[Items listed in a dataset]

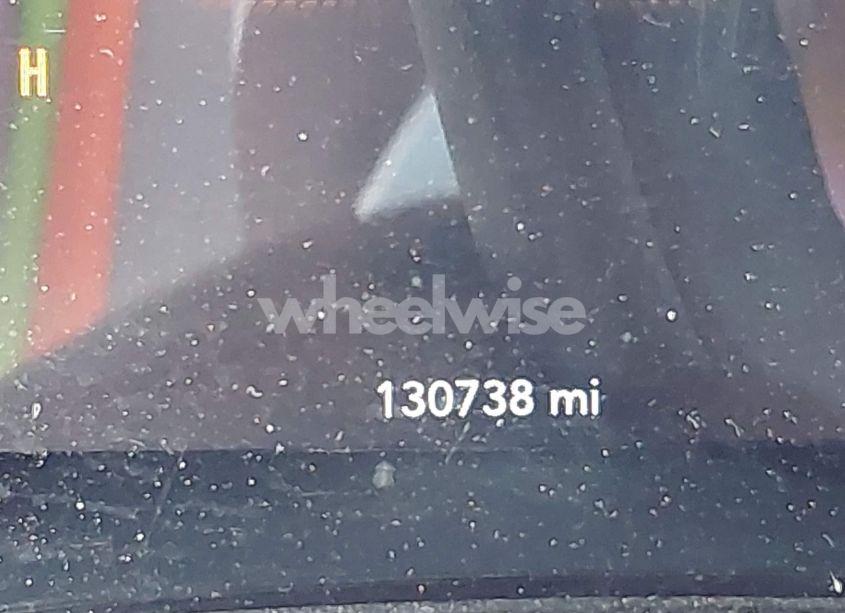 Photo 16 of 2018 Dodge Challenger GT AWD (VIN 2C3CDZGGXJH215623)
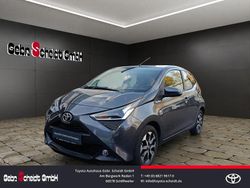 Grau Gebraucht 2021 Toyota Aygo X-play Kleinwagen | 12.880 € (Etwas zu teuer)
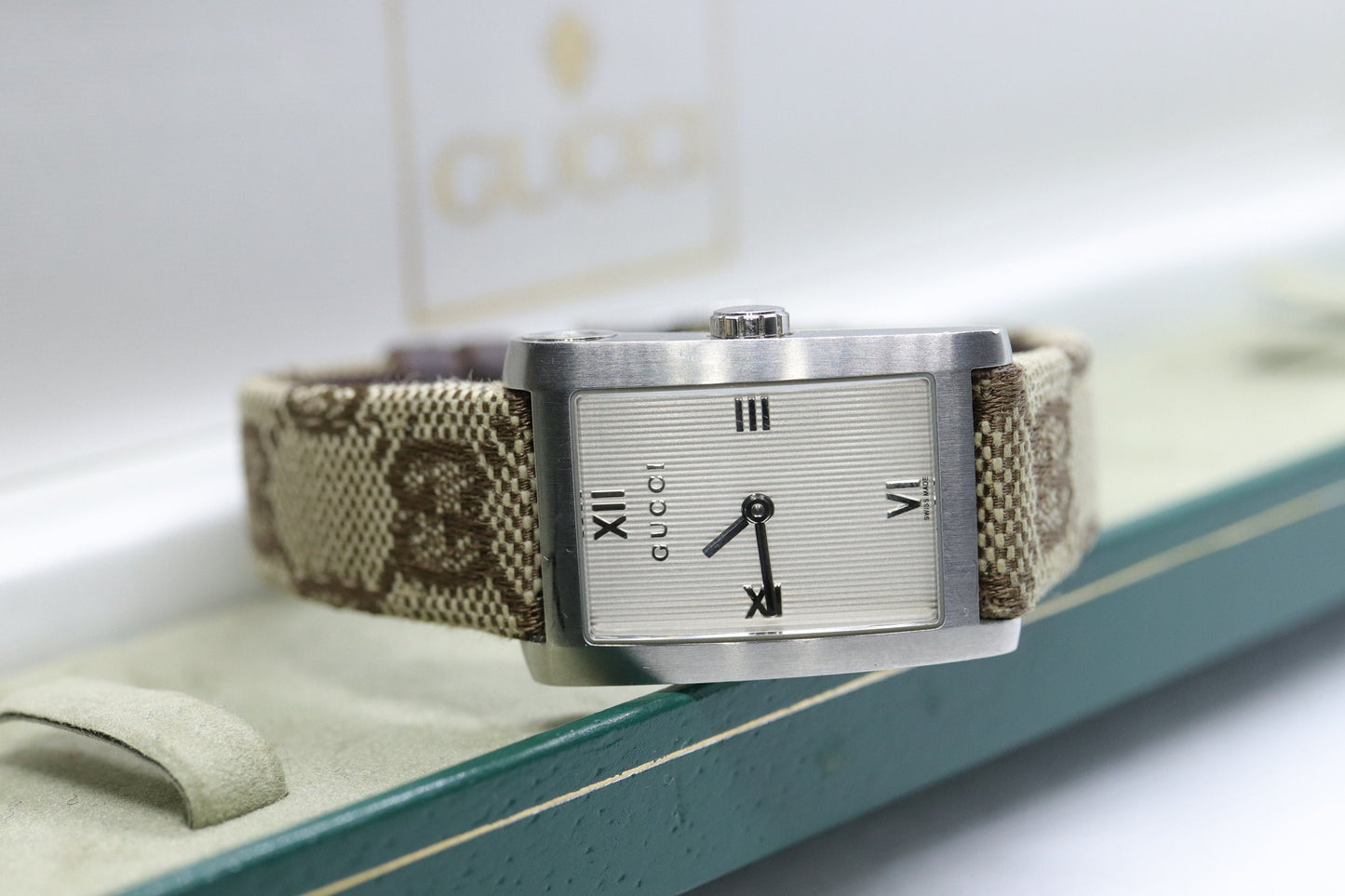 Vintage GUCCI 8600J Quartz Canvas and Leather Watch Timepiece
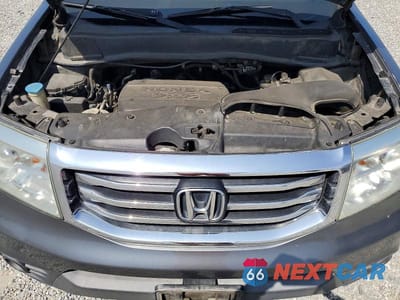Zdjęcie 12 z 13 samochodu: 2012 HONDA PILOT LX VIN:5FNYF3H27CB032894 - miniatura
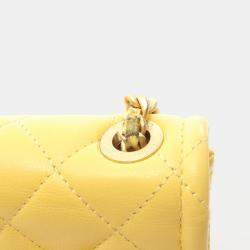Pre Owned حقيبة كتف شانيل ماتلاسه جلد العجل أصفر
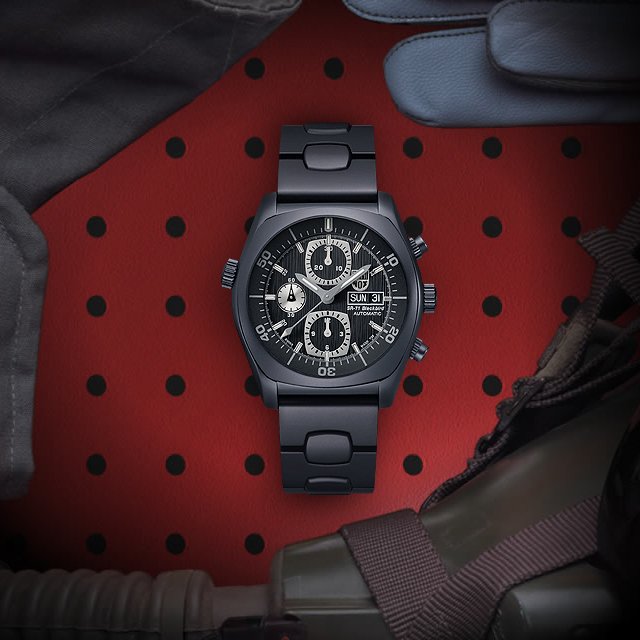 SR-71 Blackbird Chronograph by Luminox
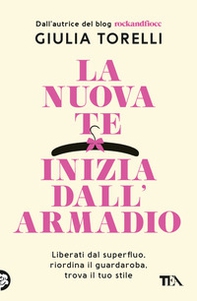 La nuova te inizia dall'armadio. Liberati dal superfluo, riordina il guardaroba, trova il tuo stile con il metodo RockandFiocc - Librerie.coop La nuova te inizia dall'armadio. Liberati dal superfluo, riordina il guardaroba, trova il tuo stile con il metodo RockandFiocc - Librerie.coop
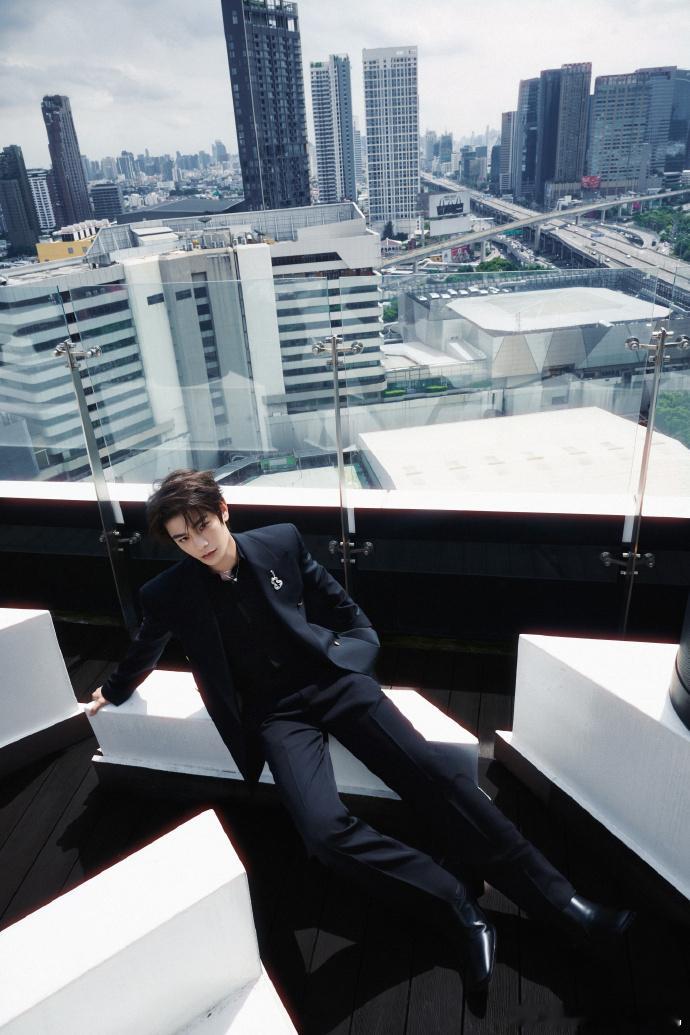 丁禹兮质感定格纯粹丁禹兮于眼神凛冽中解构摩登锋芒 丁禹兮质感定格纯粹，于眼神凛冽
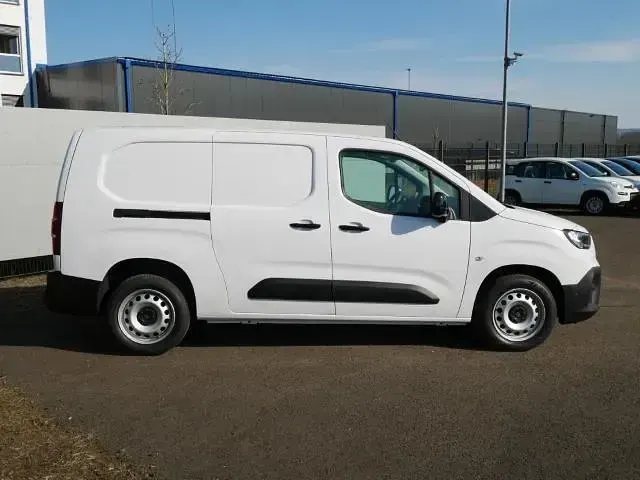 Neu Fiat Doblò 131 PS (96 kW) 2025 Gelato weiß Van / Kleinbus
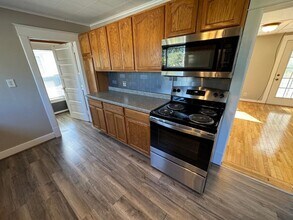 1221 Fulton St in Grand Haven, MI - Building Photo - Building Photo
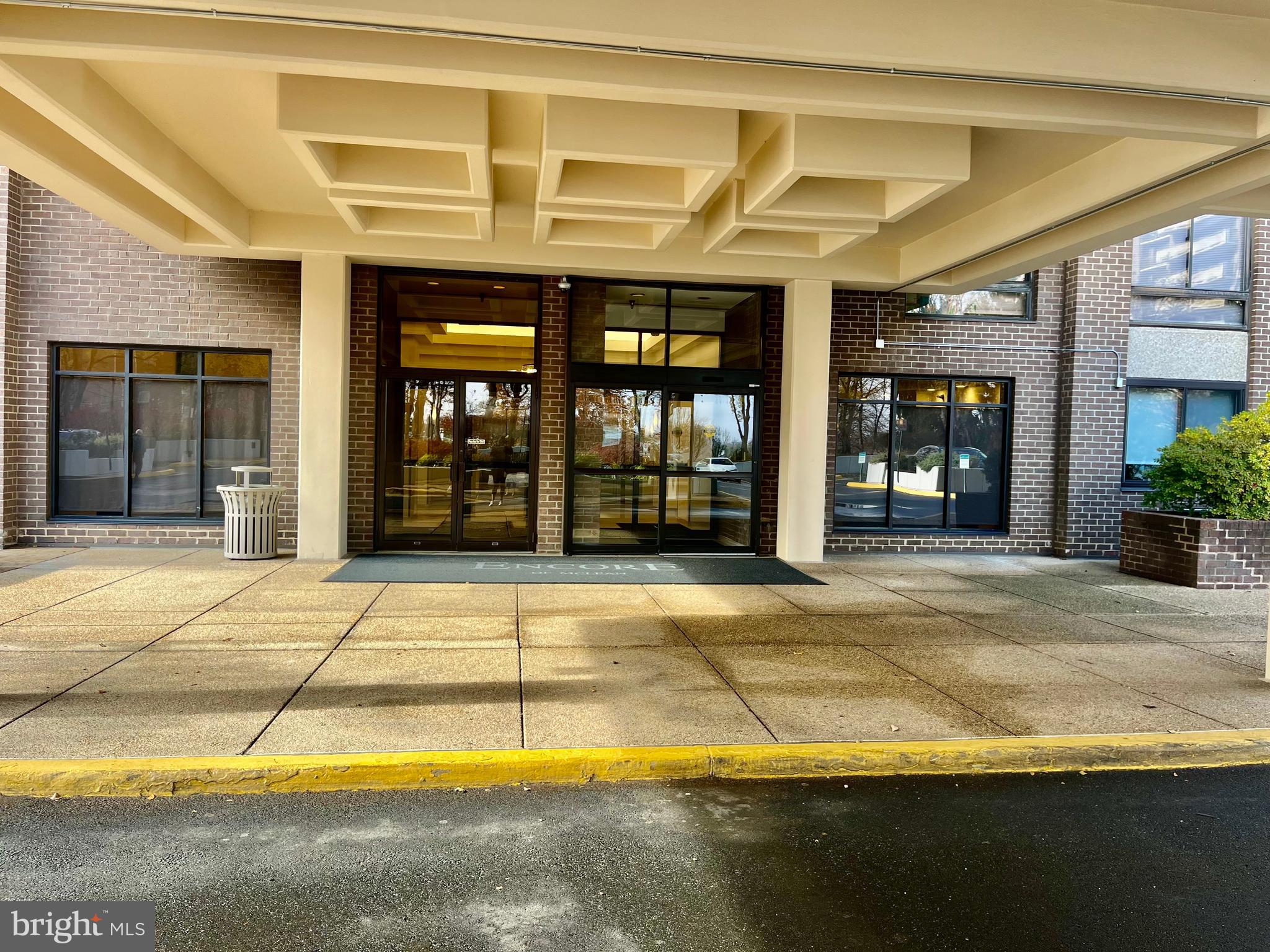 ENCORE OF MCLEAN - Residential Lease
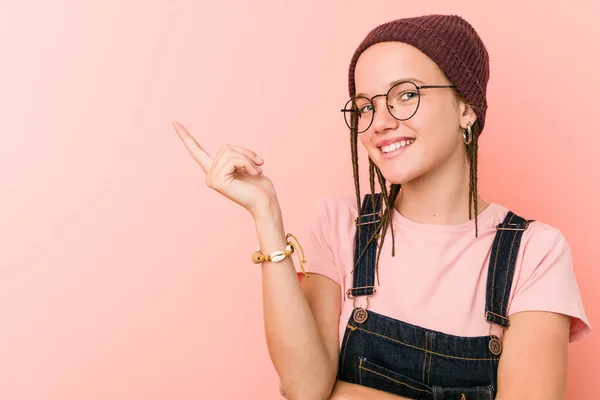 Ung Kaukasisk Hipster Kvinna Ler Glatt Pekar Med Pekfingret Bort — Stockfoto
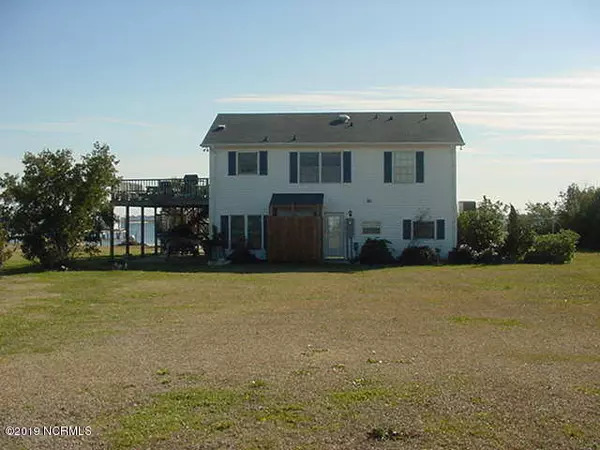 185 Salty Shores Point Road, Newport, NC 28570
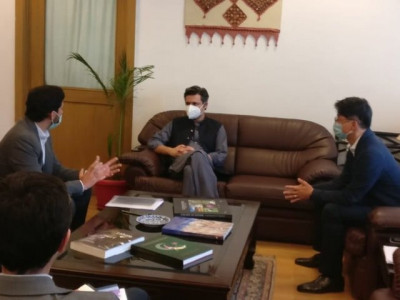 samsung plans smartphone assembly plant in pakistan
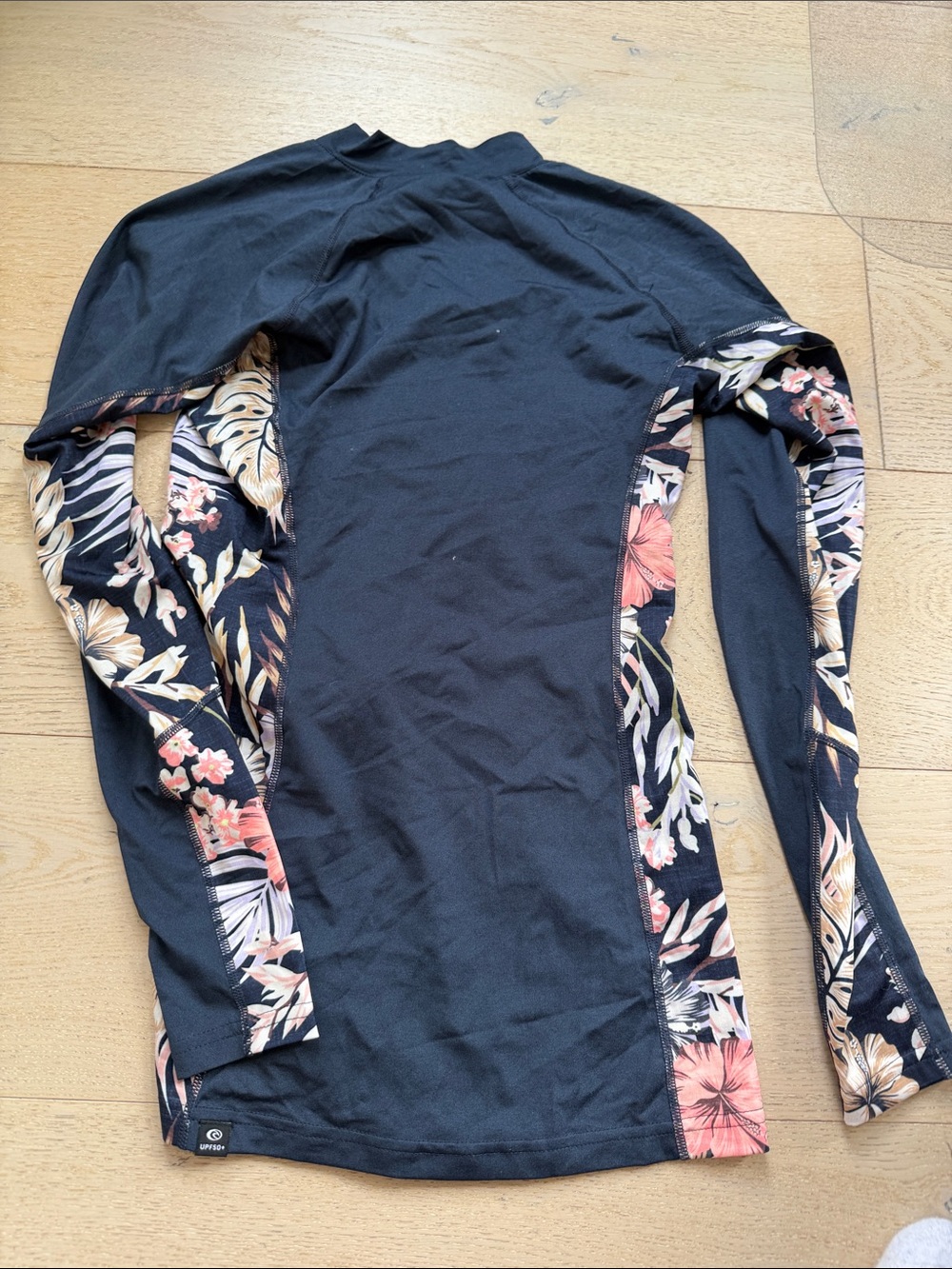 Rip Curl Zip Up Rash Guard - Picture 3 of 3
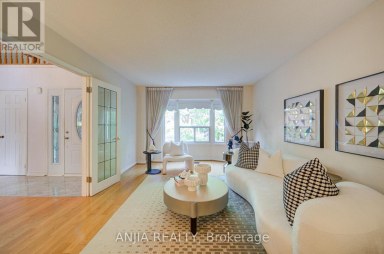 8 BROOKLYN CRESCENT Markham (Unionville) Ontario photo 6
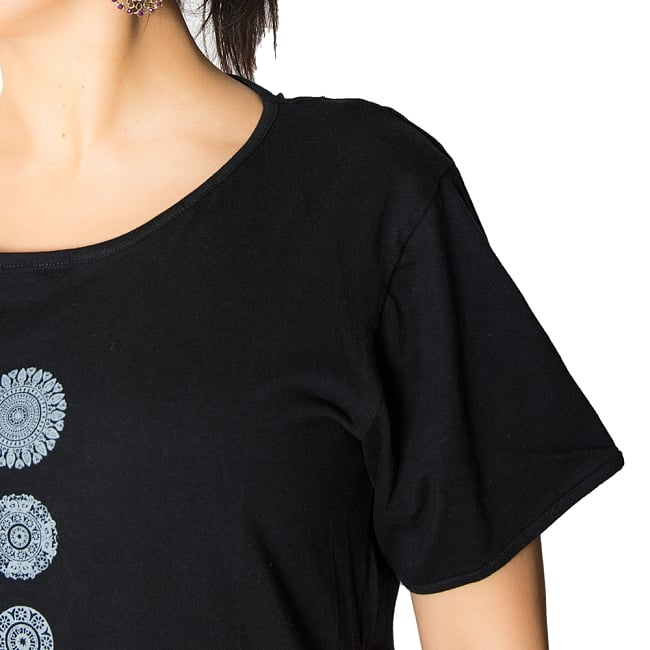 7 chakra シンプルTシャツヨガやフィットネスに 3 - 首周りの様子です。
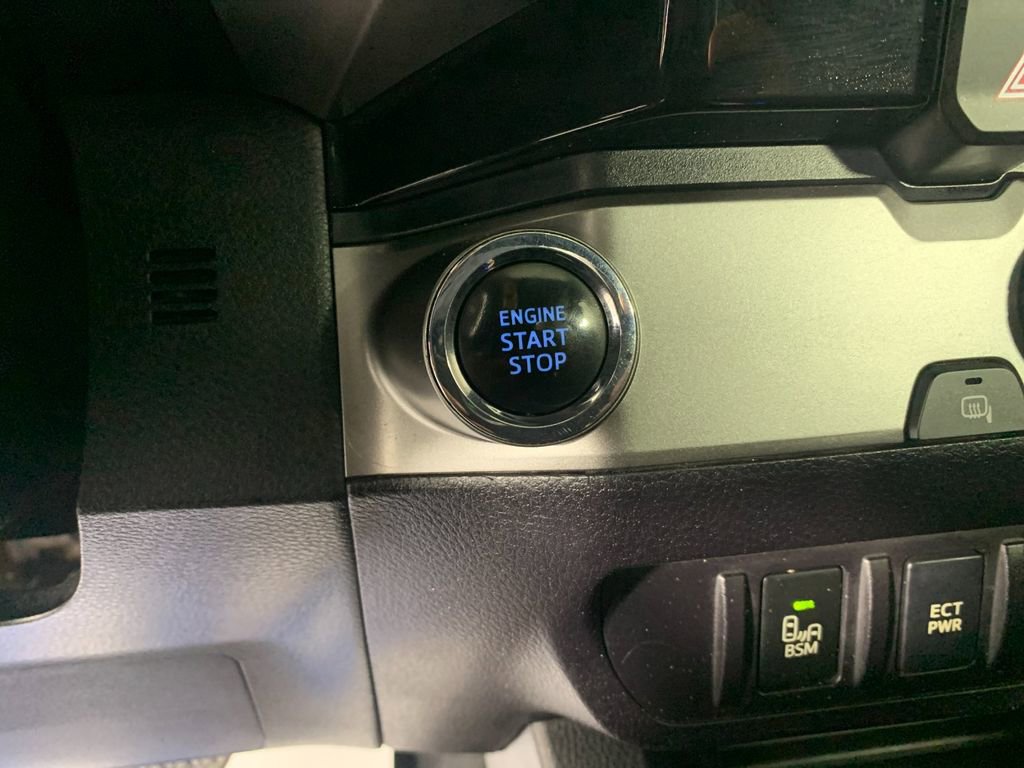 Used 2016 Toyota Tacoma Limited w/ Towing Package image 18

**TASK DESCRIPTION**
Set the records down again exactly, and omit any picture in them.

**SOLUTION TO THIS TASK**
 Photo 16 of 2018 Dodge Challenger GT AWD (VIN 2C3CDZGGXJH215623)
 Grau Gebraucht 2021 Toyota Aygo X-play Kleinwagen | 12.880 € (Etwas zu teuer)
 Vintage GUCCI 8600J Quartz Canvas and Leather Watch Timepiece
Zdjęcie 12 z 13 samochodu: 2012 HONDA PILOT LX VIN:5FNYF3H27CB032894 - miniatura
Pre Owned حقيبة كتف شانيل ماتلاسه جلد العجل أصفر
 SR-71 Blackbird Chronograph by Luminox
 La nuova te inizia dall'armadio. Liberati dal superfluo, riordina il guardaroba, trova il tuo stile con il metodo RockandFiocc - Librerie.coop La nuova te inizia dall'armadio. Liberati dal superfluo, riordina il guardaroba, trova il tuo stile con il metodo RockandFiocc - Librerie.coop
 丁禹兮质感定格纯粹丁禹兮于眼神凛冽中解构摩登锋芒 丁禹兮质感定格纯粹，于眼神凛冽
 Neu Fiat Doblò 131 PS (96 kW) 2025 Gelato weiß Van / Kleinbus
 1221 Fulton St in Grand Haven, MI - Building Photo - Building Photo
 ENCORE OF MCLEAN - Residential Lease
 Ung Kaukasisk Hipster Kvinna Ler Glatt Pekar Med Pekfingret Bort — Stockfoto
 185 Salty Shores Point Road, Newport, NC 28570
 samsung plans smartphone assembly plant in pakistan
 Rip Curl Zip Up Rash Guard - Picture 3 of 3
 8 BROOKLYN CRESCENT Markham (Unionville) Ontario photo 6
 7 chakra シンプルTシャツヨガやフィットネスに 3 - 首周りの様子です。
 Used 2016 Toyota Tacoma Limited w/ Towing Package image 18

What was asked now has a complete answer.